In this sense, the attack was a reminder of the gruesome killings of soldiers and family members in Kaluchak in May 2002. It was significant that Swarup also mentioned the Kaluchak massacre among the terrorist attacks he compared Nagrota to. Perhaps to indicate the seriousness with which the Indian government sees the Nagrota attack, Swarup also cited the attack on Indian Parliament (2001), the 26/11 Mumbai attack (2008), and the Pathankot and Uri attacks earlier this year in the same breath. This clubbing is a good signal of intent but it misses an important difference between the attacks. While 26/11 was aimed at civilians, Pathankot, Uri and Nagrota were aimed at specific defence installations.
In fact, a clear shift can be discerned in the strategy of terrorist handlers in the Pakistani army and the Inter-Services Intelligence (ISI). Even though 2016 has seen a high number of terrorist attacks, most of them have been aimed at Indian security forces. An attack of 26/11 proportions on civilians is likely to evoke a strong response from the international community. It is worth recalling that a number of foreign nationals were also killed in 26/11.
Most of the attacks in the last couple of years have also happened in Jammu and Kashmir—the Gurdaspur attack (2015) was a notable exception. So, Rawalpindi’s strategy is very clear: attack the “occupying forces” of India in Jammu and Kashmir. To support this strategy, the Pakistan army has, in parallel, supported the protests against the Indian state in the Kashmir valley and elevated the rhetoric on Kashmir on global forums. The ceasefire violations have also increased to help push a greater number of infiltrators inside Kashmir to take advantage of the disaffection in the state.
This argument is important because terrorist groups that are not supported by a state will not have an incentive to make the shift in strategy that the Pakistan-based groups have made. For example, in the month of July, Islamic State (IS) attacked an upmarket cafe in Dhaka killing several civilians—many of them foreigners. Pakistan cannot afford the consequences if terrorist groups based in the country were to launch a similar attack in India. Therefore, it is important to draw the link between Nagrota and Kaluchak, but also state the difference between Nagrota and 26/11.

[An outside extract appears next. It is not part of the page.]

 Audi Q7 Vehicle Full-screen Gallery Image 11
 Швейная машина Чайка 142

That the Pakistani army has a good strategy does not mean it is necessarily working. Over the years, the patience in India—and the world—for suffering terrorist attacks is wearing thin. It is for this reason that the US intervened immediately after both Kaluchak and also 26/11 but not after Uri. India made full use of the latitude available to launch the surgical strikes. While the domestic protests in Kashmir have hurt India, Pakistan’s attempt to internationalize “occupation” of Kashmir has not succeeded. On the contrary, India has gone about raising the problems in Balochistan, including in the United Nations General Assembly.

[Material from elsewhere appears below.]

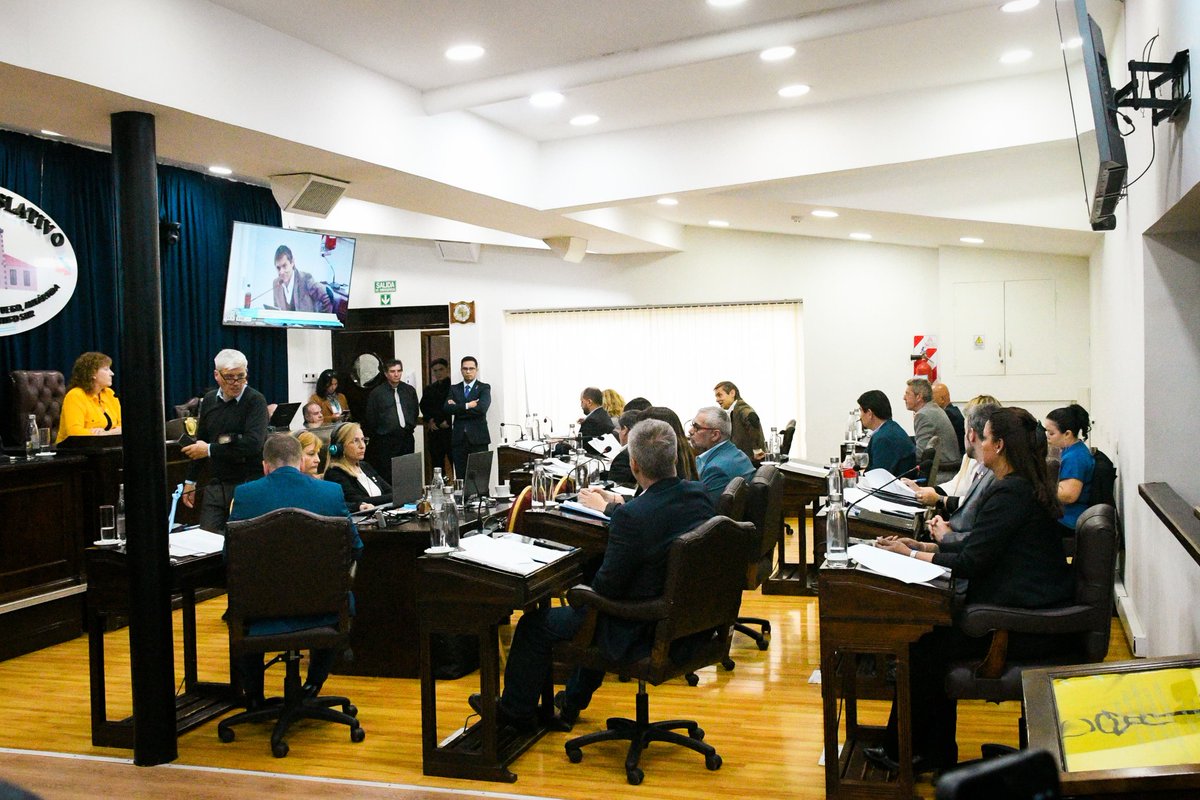 Este lunes realizamos la última sesión ordinaria del año en la Legislatura Provincial, en la cual aprobamos diversos temas.

#tdf #democracia #proyectos #desarrollo #jcpinotdf #cristinalopeztdf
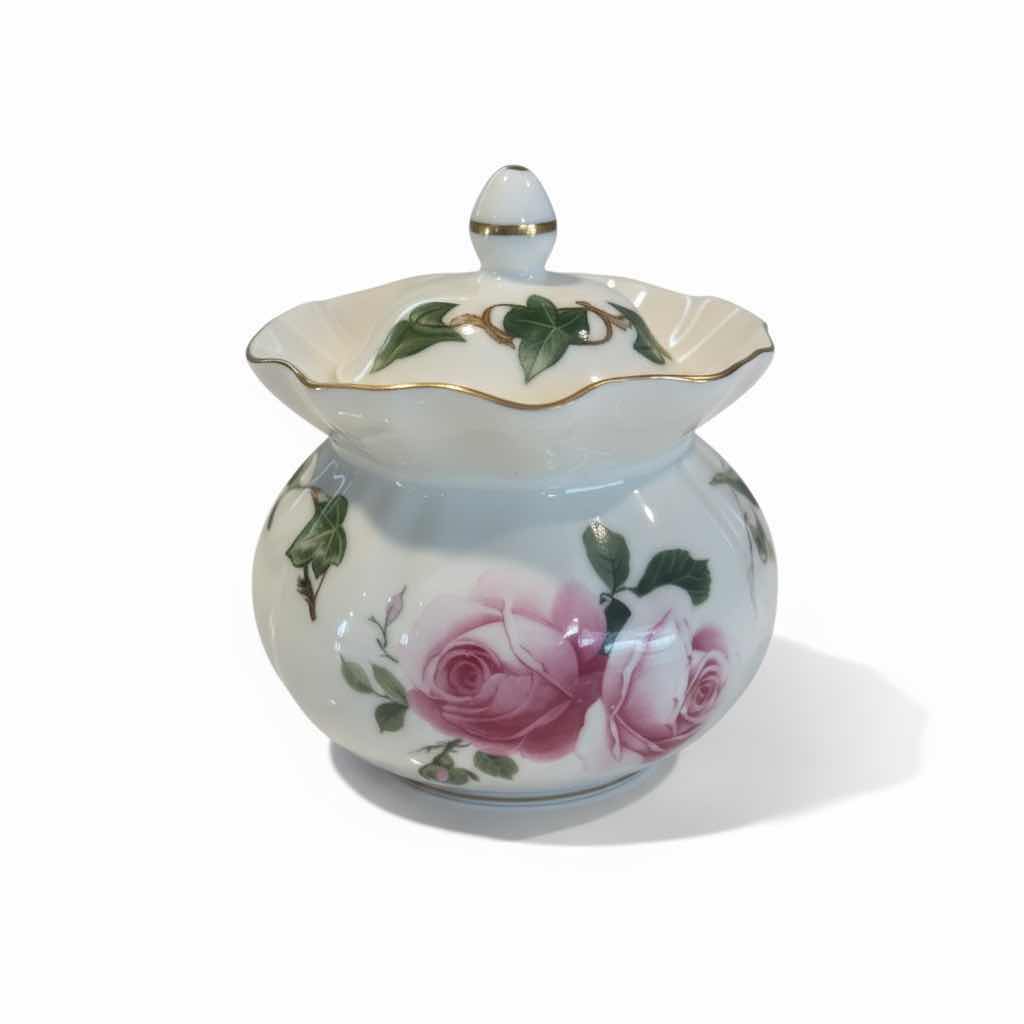 Photo 1 of STAFFIRDSHIRE DAVID MICHAEL CHINA  H3.5”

Pakistan has also weathered a rough time diplomatically. All South Asian nations except Pakistan sided with India in boycotting this year’s SAARC (South Asian Association for Regional Cooperation) Summit which was to be held in Islamabad. The surgical strikes were also a big embarrassment for the recently retired Pakistani army chief Raheel Sharif. He had spent the last three years building a no-nonsense image. The surgical strikes dented that image significantly. The frustration came through in the form of increased ceasefire violations and terrorist attacks such as the one in Nagrota. Since the Pakistan army never acknowledged the surgical strikes, their response was bound to be shrouded in deniability.

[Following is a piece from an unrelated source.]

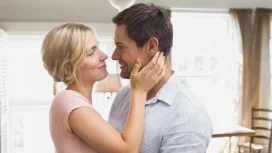 Gli innamorati si guardano negli occhi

What should be India’s approach? This newspaper continues to believe that the surgical strikes were a step in the right direction. A plethora of other measures on the diplomatic and economic front will be required but there is no solution to the Pakistan problem without the exercise of the hard force option. By responding to Uri—though the surgical strikes were not framed as such officially—India has lowered its threshold for restraint. Pakistan will rejoice if the old strategic restraint is reinstated by India and indeed Nagrota could be an attempt to explore just that. It is equally possible that Sharif wanted to gift his successor, the new Pakistan army chief Qamar Javed Bajwa, a conflict he cannot get out of. No matter what Pakistan’s motivations are, India needs to keep up the pressure.